▶ What is required: Give back every line of the material exactly. Skip the pictures.

▶ Given material:
--*--
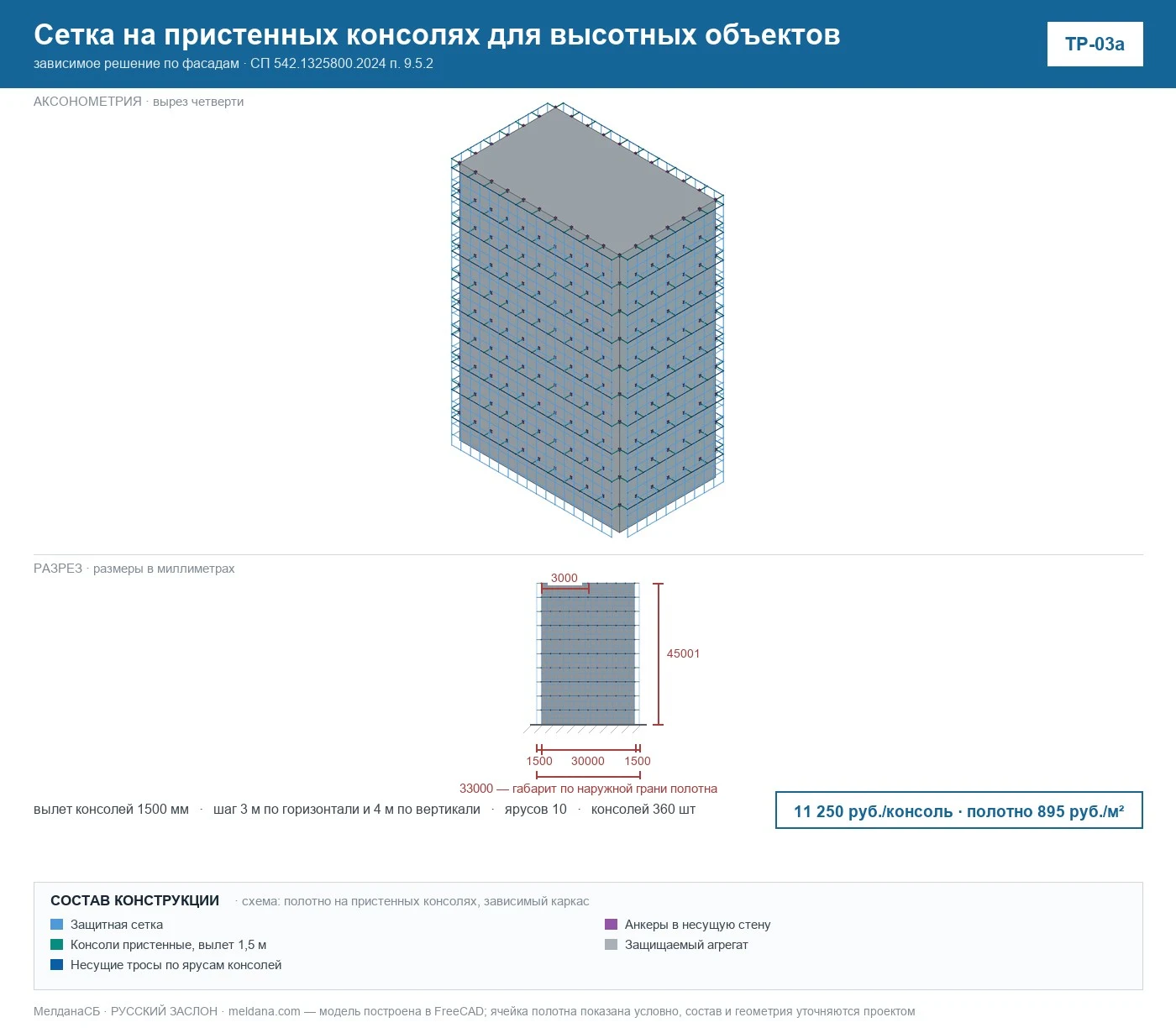 Сетка на пристенных консолях для высотных объектов (ТР-03а) 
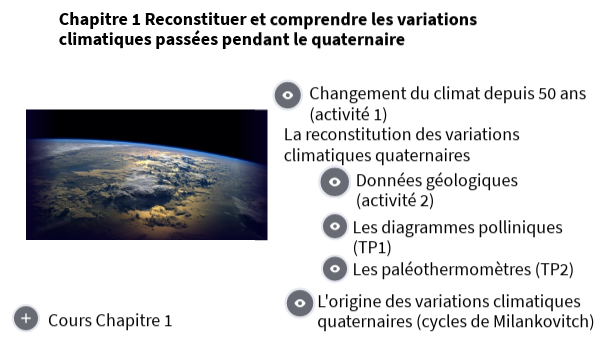Chapitre 1 Les variations climatiques au Quaternaire | Genially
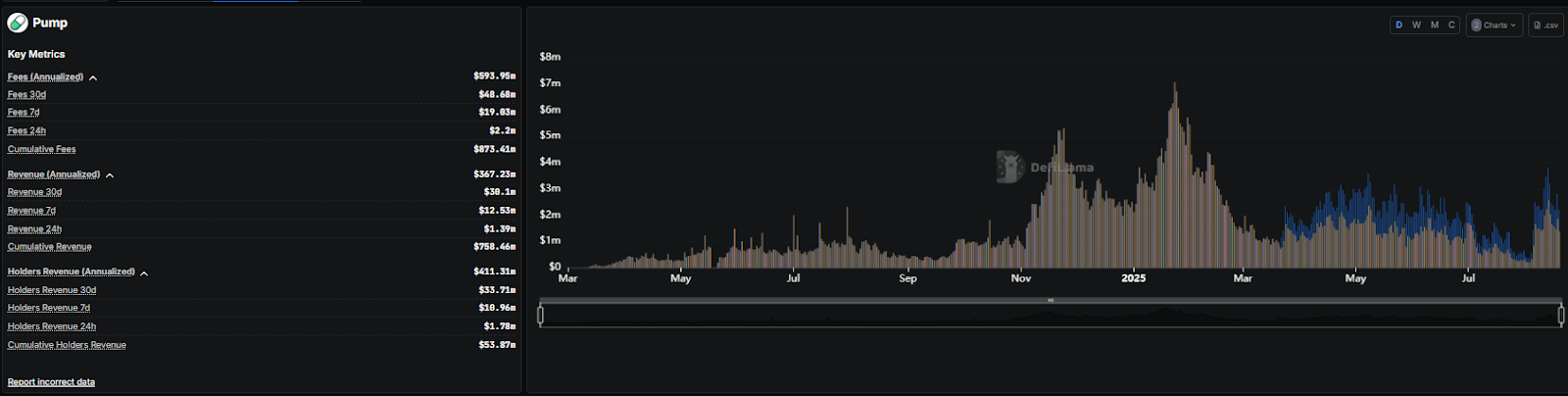 Pump.fun Revenue Explodes Nearly 700% in a Record-Breaking $13.5M Week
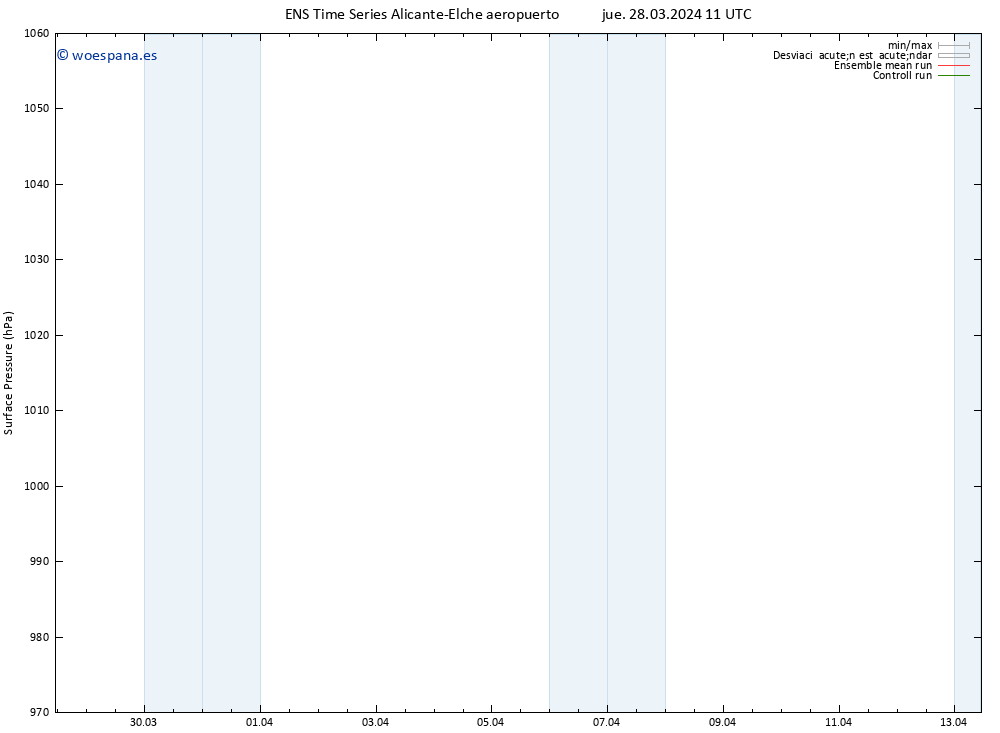 Presión superficial GEFS TS jue 28.03.2024 11 UTC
--*--
▶ Task response:
 Сетка на пристенных консолях для высотных объектов (ТР-03а) 
Chapitre 1 Les variations climatiques au Quaternaire | Genially
 Pump.fun Revenue Explodes Nearly 700% in a Record-Breaking $13.5M Week
 Presión superficial GEFS TS jue 28.03.2024 11 UTC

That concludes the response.